The Board of Regents and State Attorney General Eric Schneiderman on Tuesday issued an emergency regulation to help ensure that immigrant children can attend school in New York State. The regulation comes after the New York Civil Liberties Union in October released a review that showed that many school districts across the state may be unlawfully barring the enrollment of immigrant students.

"The attorney general and Board of Regents have taken an important step toward ensuring that immigrant children can make their right to an education a reality," said NYCLU Executive Director Donna Lieberman. "All children have an equal right to a public school education, regardless of their immigration status. These regulations reduce the biggest barrier facing children across the state who only want to access an education."

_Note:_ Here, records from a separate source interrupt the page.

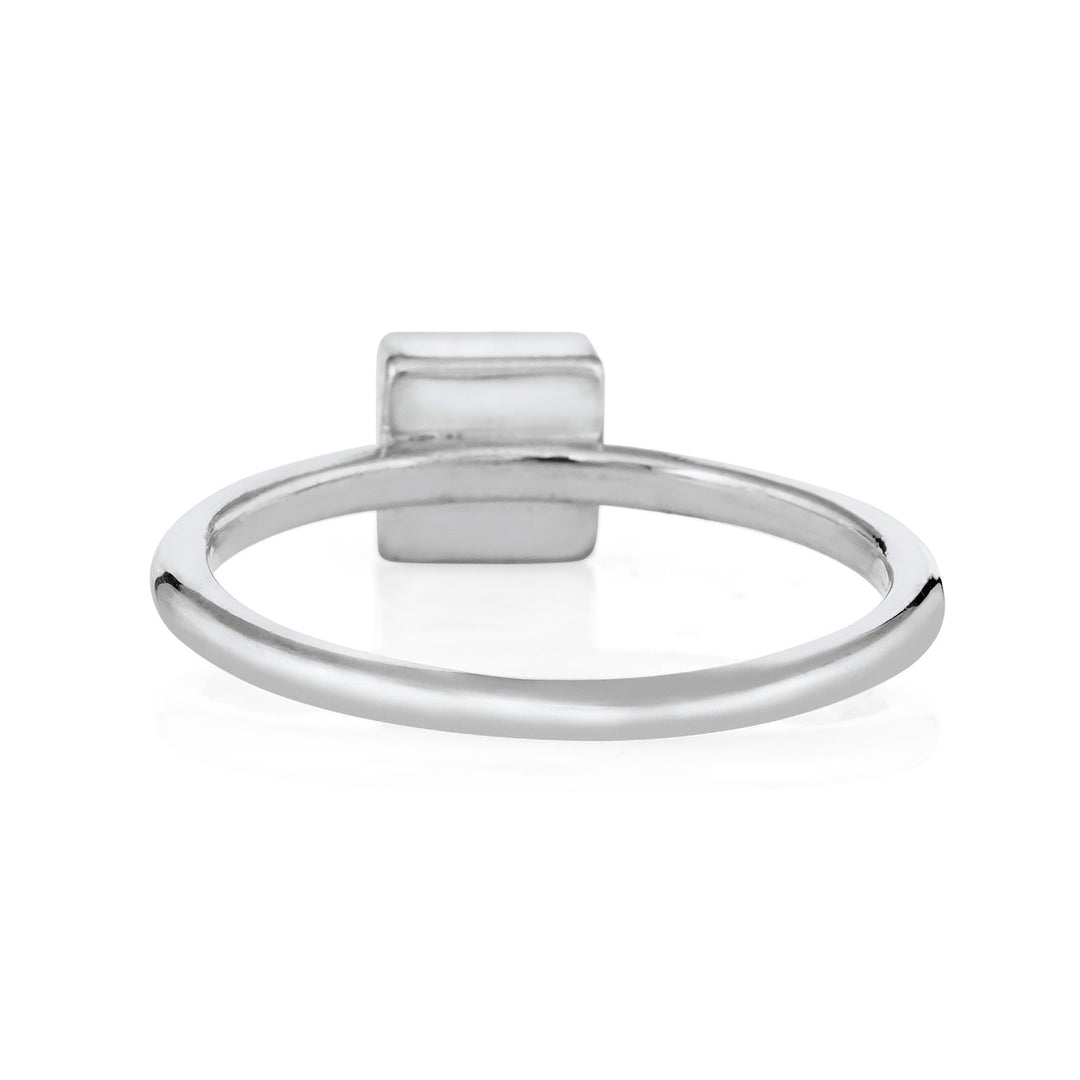 Pictured here is the 14K White Gold Small Square Stacking Ashes Ring design by close by me jewelry from the back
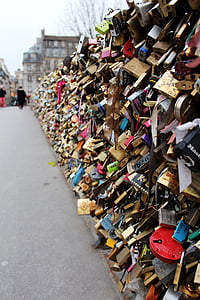 Paryż, blokad miłości, kłódki, miłość, Most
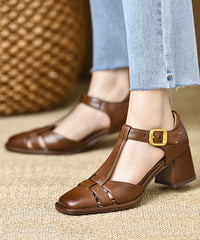 Brown Hollow Out Chunky Cowhide Leather Chic Splicing Sandals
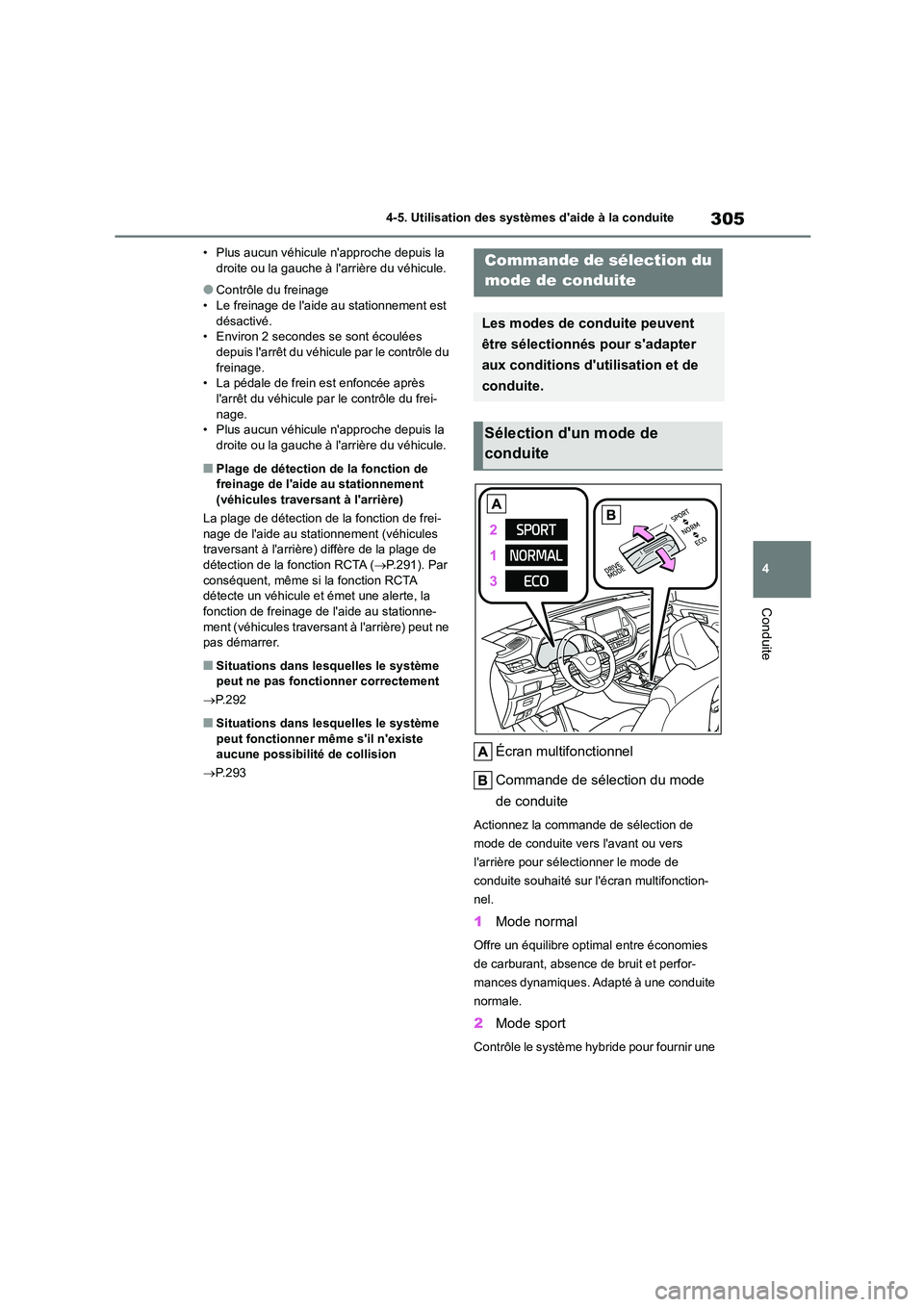 TOYOTA HIGHLANDER 2023 Manuel du propriétaire (in French) 305
4
4-5. Utilisation des systèmes daide à la conduite
Conduite
• Plus aucun véhicule napproche depuis la droite ou la gauche à larrière du véhicule.
●Contrôle du freinage• Le frein TOYOTA HIGHLANDER 2023 Manuel du propriétaire (in French) 305
4
4-5. Utilisation des systèmes daide à la conduite
Conduite
• Plus aucun véhicule napproche depuis la droite ou la gauche à larrière du véhicule.
●Contrôle du freinage• Le frein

The Supreme Court in 1982 ruled that states violate the 14th Amendment when they deny undocumented children the same educational opportunity that they provide to citizens. New York State Education Law further guarantees a free public education to youth older than 5 and younger than 21 who have not earned a high school diploma. Though state schools may inquire about a student’s age and address, they break the law if they ask about a student or parent’s immigration status, require birth certificates as proof of a child’s age or otherwise impose requirements that would chill a student’s willingness to engage with the school.

The new rules, for example, include uniform registration requirements and prohibit districts from inquiring about a student's or his or her parents' immigration status as a precondition for enrolling in a school.